Nel processo “Lacqueo” la testimonianza di un imprenditore “vessato” smentisce le parole del pentito Violetta Calabrese

Pubblicato il: 07/06/2018 – 18:39
Usura a Cosenza, «Mai dato soldi a Mimmo Castiglia»

COSENZA Delle due l’una. Toccherà al Tribunale di Cosenza, presieduto dal giudice Carpino, stabilire quale sia la verità giuridica. Al processo Laqueo, in cui alla sbarra ci sono gli imputati su cui grava l’accusa per usura nella città di Cosenza, una delle persone offese interrogato dal pm De Bernardo della Dda di Catanzaro smentisce in buona sostanza la testimonianza del collaboratore di giustizia Roberto Violetta Calabrese.
Testimonianza chiave quella del pentito che pare però vacillare a confronto con il racconto reso in udienza da Giovanni Porco, imprenditore del Tirreno, che ha riferito come si è generato il rapporto che lo ha visto coinvolto nelle vicende di usura. Violetta Calabrese a quella “bacinella” in cui avrebbero conferito soldi tra gli altri anche Luisiano Castiglia e Giovanni Guarasci, Danilo Magurno, Francesco Magurno, William Sacco e Ariosto Francesco Mantuano. «Non ho mai dato soldi a Mimmo Castiglia (lo chiama così ma il riferimento è a Luisiano ndr) ne ho mai pensato di contattarlo per un prestito usuraio. Tutto quello che è successo dai prestiti ai lavori fatti in casa per i ritardi li ho fatti a casa di Calabrese Violetta».
L’imprenditore conosce Luisiano Castiglia nei lontani anni ottanta. I rapporti tra i due rimangono buoni, ma la crisi del 2008 mette in crisi non solo le banche ma soprattutto la piccola imprenditoria. «Io avevo un problema di crediti che non mi venivano pagati, ma allo stesso tempo avevo dei debiti con i fornitori – dice il costruttore-. Mi rivolsi a Mimmo che mi presento Calabrese Violetta.
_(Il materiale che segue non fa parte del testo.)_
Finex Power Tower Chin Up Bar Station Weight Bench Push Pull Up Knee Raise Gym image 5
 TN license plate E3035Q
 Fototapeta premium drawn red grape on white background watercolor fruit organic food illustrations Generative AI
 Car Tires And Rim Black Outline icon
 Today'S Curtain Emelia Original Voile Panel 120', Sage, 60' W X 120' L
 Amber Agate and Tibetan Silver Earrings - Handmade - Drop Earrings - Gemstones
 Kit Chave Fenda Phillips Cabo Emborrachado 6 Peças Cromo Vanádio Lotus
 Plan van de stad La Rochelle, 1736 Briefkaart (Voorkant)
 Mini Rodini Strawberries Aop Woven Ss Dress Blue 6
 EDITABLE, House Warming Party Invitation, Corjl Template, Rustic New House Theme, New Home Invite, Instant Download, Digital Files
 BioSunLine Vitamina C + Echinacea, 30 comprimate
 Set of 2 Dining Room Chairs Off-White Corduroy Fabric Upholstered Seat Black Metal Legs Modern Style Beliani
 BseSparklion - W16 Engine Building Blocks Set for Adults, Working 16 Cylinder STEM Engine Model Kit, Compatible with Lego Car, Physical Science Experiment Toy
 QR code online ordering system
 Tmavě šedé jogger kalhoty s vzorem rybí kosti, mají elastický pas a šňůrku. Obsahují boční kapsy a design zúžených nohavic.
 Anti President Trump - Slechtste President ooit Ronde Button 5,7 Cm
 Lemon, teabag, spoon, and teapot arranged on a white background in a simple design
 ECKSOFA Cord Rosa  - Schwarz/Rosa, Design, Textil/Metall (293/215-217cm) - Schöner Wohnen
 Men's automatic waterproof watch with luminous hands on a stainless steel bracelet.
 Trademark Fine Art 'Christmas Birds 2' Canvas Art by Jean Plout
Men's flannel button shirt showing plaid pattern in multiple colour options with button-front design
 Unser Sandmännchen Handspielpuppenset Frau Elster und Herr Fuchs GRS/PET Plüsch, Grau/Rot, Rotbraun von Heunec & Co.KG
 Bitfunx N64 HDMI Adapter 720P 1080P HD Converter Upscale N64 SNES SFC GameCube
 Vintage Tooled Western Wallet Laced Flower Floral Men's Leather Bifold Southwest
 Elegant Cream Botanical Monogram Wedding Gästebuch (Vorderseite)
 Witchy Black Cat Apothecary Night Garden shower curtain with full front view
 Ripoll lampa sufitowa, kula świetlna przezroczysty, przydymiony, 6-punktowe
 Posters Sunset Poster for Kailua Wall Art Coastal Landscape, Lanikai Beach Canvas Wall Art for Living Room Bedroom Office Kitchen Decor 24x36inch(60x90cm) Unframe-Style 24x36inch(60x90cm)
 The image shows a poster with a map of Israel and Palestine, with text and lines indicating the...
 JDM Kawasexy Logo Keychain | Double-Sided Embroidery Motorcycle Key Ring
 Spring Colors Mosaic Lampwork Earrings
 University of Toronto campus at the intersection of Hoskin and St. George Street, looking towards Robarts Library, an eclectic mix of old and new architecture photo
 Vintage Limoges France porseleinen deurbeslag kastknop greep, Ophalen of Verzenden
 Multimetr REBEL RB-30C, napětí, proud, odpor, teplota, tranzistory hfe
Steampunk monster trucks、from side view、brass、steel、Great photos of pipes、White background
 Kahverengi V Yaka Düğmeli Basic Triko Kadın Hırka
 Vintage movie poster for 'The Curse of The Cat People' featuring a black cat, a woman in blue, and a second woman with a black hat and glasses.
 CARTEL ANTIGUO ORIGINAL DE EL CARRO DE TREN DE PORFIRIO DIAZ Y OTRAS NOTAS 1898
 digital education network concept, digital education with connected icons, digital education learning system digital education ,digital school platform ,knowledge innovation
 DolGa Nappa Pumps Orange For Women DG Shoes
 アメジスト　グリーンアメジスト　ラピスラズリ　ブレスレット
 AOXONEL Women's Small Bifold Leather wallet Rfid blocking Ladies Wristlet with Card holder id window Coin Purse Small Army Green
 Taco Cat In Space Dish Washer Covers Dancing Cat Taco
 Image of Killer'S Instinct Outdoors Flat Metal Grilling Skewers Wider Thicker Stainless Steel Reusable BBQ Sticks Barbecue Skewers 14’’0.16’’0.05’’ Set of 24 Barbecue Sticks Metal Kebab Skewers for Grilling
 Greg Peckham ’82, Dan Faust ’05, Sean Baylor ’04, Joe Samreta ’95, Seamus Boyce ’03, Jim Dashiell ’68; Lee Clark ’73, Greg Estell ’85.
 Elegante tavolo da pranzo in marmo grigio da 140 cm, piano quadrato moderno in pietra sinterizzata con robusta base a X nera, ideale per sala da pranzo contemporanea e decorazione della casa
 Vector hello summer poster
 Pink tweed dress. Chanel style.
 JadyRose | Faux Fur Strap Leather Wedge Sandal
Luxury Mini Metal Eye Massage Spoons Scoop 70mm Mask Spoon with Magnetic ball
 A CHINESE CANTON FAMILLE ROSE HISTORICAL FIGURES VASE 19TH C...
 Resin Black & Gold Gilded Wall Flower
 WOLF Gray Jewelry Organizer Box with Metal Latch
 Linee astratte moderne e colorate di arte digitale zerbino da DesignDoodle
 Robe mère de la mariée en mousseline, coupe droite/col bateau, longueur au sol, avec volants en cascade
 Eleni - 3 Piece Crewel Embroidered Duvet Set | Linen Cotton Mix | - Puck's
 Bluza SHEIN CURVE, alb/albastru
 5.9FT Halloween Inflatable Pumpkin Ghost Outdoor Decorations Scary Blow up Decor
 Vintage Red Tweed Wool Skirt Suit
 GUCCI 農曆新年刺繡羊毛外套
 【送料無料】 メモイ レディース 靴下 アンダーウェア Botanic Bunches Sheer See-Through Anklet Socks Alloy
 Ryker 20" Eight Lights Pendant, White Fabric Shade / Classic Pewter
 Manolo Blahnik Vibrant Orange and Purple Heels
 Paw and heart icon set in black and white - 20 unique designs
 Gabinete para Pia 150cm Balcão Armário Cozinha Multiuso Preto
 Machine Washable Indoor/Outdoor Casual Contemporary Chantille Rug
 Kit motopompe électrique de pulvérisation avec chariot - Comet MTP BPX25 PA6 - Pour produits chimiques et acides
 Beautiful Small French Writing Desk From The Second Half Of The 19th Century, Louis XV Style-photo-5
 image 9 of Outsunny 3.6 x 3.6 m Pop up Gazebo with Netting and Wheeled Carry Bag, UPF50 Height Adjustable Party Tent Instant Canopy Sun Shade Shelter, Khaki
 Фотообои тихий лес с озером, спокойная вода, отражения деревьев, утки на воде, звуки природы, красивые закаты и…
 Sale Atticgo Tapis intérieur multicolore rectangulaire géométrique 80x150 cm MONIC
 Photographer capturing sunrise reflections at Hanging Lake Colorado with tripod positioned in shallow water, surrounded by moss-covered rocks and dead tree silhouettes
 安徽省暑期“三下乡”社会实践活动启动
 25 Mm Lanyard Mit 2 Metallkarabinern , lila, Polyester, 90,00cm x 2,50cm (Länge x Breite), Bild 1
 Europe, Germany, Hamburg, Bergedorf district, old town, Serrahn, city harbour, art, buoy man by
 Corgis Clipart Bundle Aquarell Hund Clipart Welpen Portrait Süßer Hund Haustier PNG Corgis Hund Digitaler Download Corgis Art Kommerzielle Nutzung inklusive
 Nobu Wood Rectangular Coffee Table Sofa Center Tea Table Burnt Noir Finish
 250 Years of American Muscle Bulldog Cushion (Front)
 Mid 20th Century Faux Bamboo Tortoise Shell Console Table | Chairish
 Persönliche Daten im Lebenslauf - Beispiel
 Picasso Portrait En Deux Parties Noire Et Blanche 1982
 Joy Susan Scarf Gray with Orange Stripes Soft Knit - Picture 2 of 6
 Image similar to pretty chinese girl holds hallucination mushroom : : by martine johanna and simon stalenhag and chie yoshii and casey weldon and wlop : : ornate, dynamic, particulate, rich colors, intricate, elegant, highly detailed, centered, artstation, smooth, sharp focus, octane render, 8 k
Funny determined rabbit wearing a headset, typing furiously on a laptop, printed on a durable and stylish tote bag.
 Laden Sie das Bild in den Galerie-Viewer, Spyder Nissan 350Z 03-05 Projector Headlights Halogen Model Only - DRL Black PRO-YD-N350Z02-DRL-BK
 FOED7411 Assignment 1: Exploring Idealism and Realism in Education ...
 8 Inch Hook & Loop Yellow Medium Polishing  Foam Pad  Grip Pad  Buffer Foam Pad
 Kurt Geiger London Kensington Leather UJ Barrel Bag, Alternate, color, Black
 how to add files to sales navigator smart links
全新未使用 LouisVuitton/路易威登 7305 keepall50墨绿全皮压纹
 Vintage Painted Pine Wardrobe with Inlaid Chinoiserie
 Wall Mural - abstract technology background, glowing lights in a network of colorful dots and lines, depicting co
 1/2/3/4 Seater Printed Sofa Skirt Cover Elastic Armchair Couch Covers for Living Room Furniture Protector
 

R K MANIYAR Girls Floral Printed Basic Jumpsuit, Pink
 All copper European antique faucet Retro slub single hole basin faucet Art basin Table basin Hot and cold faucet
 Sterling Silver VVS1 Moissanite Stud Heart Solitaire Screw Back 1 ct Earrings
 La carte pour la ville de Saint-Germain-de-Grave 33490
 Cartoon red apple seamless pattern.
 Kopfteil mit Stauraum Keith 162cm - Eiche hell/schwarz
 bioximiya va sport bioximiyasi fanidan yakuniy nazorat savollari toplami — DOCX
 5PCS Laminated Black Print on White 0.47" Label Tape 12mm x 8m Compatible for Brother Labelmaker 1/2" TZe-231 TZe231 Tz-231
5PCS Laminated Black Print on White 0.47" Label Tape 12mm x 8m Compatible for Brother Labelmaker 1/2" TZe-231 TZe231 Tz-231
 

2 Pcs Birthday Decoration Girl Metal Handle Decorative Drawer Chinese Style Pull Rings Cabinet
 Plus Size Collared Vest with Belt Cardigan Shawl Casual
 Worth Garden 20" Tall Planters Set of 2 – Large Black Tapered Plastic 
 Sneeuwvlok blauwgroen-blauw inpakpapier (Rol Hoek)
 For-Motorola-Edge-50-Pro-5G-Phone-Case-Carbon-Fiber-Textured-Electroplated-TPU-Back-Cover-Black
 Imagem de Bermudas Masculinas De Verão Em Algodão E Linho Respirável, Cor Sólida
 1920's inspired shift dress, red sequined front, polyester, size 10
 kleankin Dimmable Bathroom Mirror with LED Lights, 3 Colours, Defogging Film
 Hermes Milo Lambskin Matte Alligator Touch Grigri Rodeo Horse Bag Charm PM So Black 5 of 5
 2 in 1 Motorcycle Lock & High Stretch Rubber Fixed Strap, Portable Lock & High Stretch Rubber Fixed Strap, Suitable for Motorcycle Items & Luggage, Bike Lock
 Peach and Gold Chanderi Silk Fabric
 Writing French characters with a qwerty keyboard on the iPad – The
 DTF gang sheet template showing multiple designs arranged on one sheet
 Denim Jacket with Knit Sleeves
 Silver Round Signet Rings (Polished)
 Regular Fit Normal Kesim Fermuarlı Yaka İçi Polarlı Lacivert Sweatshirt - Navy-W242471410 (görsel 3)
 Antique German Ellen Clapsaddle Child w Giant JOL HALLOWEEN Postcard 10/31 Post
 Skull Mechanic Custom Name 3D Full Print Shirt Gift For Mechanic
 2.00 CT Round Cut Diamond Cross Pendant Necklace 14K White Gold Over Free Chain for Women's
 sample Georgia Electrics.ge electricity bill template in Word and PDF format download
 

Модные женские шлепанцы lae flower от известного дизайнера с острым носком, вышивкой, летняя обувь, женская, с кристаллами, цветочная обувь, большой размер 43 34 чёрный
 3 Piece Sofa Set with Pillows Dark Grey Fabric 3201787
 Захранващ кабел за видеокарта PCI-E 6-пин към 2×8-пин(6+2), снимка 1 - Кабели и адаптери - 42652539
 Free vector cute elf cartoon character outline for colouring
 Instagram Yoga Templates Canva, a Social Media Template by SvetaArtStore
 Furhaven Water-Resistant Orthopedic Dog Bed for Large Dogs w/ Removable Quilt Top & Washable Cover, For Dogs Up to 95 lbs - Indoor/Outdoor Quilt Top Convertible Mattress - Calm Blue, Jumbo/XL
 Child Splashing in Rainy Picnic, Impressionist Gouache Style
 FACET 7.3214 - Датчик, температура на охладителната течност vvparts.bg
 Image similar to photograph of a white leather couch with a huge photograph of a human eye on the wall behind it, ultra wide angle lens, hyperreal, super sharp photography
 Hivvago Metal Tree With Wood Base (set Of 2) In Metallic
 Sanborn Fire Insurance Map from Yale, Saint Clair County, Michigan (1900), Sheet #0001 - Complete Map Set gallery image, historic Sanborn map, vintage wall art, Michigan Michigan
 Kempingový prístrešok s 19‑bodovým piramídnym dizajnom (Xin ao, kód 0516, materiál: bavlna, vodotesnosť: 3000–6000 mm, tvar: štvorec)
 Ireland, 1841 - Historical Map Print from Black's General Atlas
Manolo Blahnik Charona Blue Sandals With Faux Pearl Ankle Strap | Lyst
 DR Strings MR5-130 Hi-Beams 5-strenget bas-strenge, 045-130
Ci incontrammo rapidamente, io gli diedi un assegno di 15mila euro e lui mi diede in contanti 13 mila e 500 euro». Non era uno scambio alla pari perché dentro c’era la quota “spese”, il tasso usuraio, che gli imprenditori pagavano per avere la copertura finanziaria. «Castiglia prima di presentarmelo mi aveva avvisato che non mi conveniva contattare Calabrese Violetta ma io in quel periodo avevo bisogno di quei soldi».
Ogni volta che faceva qualche giorno di ritardo, secondo quanto riferito da Giovanni Porco, l’attuale collaboratore di giustizia lo faceva andare a casa sua per fare dei lavori alla casa o al giardino come compensazione per il ritardo. «Ho smesso di pagarlo alla vigilia di Ferragosto del 2009, è durata un anno intero e poi mi ero rimesso in sesto».

mi. pr.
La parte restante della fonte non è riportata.